Hanawon Psychiatrist Speaks Out

[imText1]Upon their arrival in South Korea, North Korean defectors usually require psychotherapy due to their fear of arrest and concern for the family they have left behind. However, the notion of “psychiatry” raises feelings of unease in most people, and North Korean defectors are no different. For them, the “No.49 Hospital” (as North Koreans refer to psychiatric hospitals) is remembered as a place where people stay, rather than a place for counseling and therapy.

This is the main reason why North Korean defectors very seldom visited the Hanawon psychiatrist during the early stages of their 3-month stay. So, as Jeon Jin Yong, the incumbent at Hana Clinic told The Daily NK on March 22nd, “Doctors must begin by gaining the trust of the North Koreans rather than with therapy itself.”

The name “Hanawon” was unfamiliar to Dr. Jeon until he applied for a job at Hana Clinic, nor had he ever met a North Korean defector before. Yet Jeon, who applied for the position because he sought a different and fulfilling job, is now in his 3rd year.

The job was not easy at the beginning, with the most difficult part being language and cultural differences, he says. For example, Jeon was confused when one North Korean defector showed up in the psychiatric ward and expressed his sickness in terms of being “busy,” a linguistic form unique to the North.

“I also had to explain English terminology like ‘gargle’ and ‘X-ray’ and South Korean colloquialisms for pain in different words,” he says.

“One time, I told a group of North Korean defectors, ‘Those who get stressed, come for counseling,’ but they asked me, ‘Doctor, I didn’t get stress yet, where can I get it?’ Due to the unfamiliar loan word, North Korean defectors thought stress was one of those things given to them by Hanawon.”

Furthermore, Jeon says, they have their own, wrong, ways to deal with illness. If they have indigestion, they use mugwort, and they apply toothpaste to dermatitis.

However, since he started to form an intimate bond with the defectors and communication became freer, the number coming to see him has increased. It is long overdue, for there is much to address.

There are so many causes; the person who risked his life to meet his mother in South Korea but received news of her death just months before his arrival; and the lucky ones who escape alongside their family members but are forced to live separately for a number of years. Jeon says that tension and anxiety felt during the escape process, concern about a new environment and the stress of family separation all require detailed therapy.

He believes, therefore, that the Hana Clinic has to employ doctors on a permanent basis in order to provide stable treatment for the emotionally fragile North Korean defectors.

“They need to hire doctors to work here exclusively,” Jeon says, “Regular doctors are transferred frequently, but this reduces treatment continuity, while new doctors also require time to adjust.”

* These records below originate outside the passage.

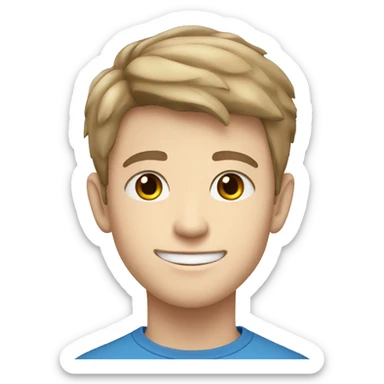 confident happy pale teen boy with very short light brown hair blue eyes portrait angular jaw sticker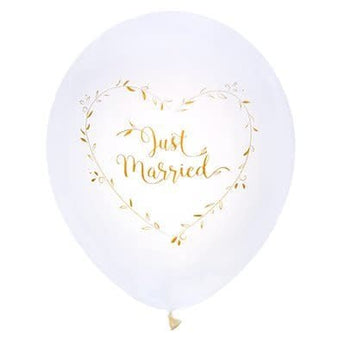 Ballons Latex 9" - Just Married Or (8) - Party Shop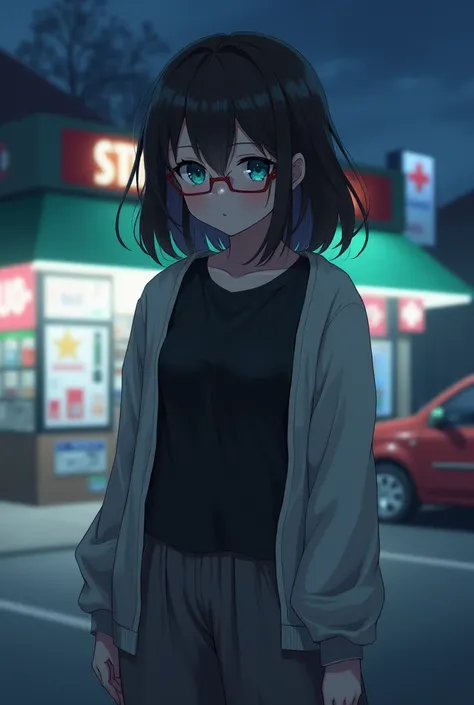 Dark brown hair, medium hair,White skin , Teal Eyelids, high school girl , Beautiful Girl,Neutral, boyish ,Flexible,Sloping shoulders,Thin chest,Poor Breasts ,Impression of being smitten ,Dark character, black long sleeve t-shirt , wearing a white cardigan...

Hana Clinic was established in 2004 when regular doctors were first positioned at Hanawon. In the initial stages, there was only one treatment room, and one nurse took care of everything. However, starting with internal medicine, dentistry and Chinese medicine, it has grown to include psychiatry (in 2008) and obstetrics & gynecology in 2009.

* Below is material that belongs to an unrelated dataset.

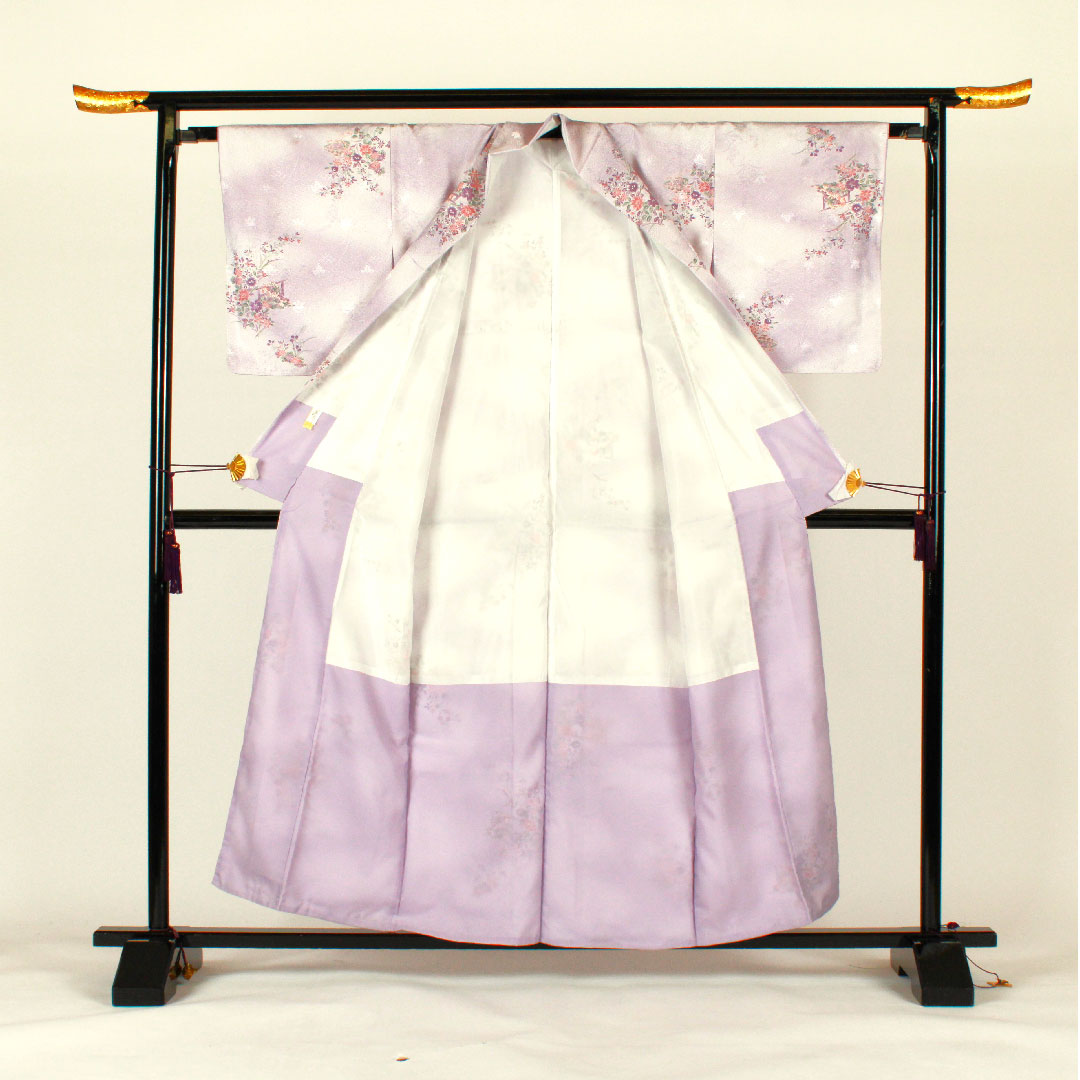 小紋 身丈158cm 裄丈65cm 袷 古典柄 洗える着物 ポリ Aランク 紫系 1115000983320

Currently seven doctors, five nurses and an auxiliary nurse all work at the facility. However, Jeon argues that this is still insufficient.

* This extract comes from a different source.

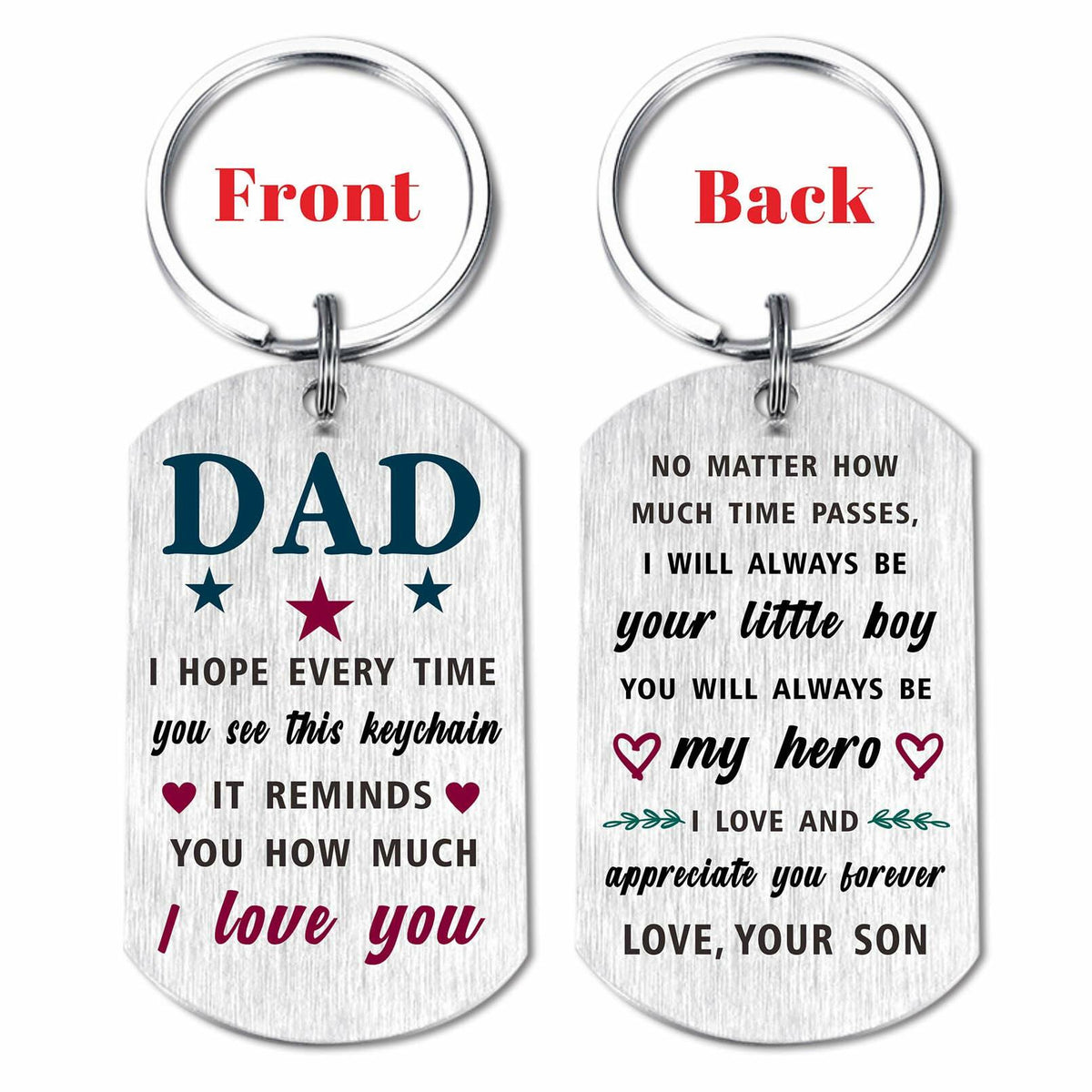 Viayen Dad from Son Keychain – Christmas, Birthday & Holiday Gift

Despite all the problems, Jeon hopes to see greater integration between defectors and the community, because things can only get worse from here. “While working in Hanawon as a doctor,” he says, “I have had an opportunity to ponder reunification. I have come to hope that many people encounter North Korean defectors and offer them help, in preparation for the unification process.”

“When I look at North Korean defectors, I realize that we have lived with a different language and culture for too long to adjust in a short period even though we are of the same race. This chaos will only worsen when unification arrives.”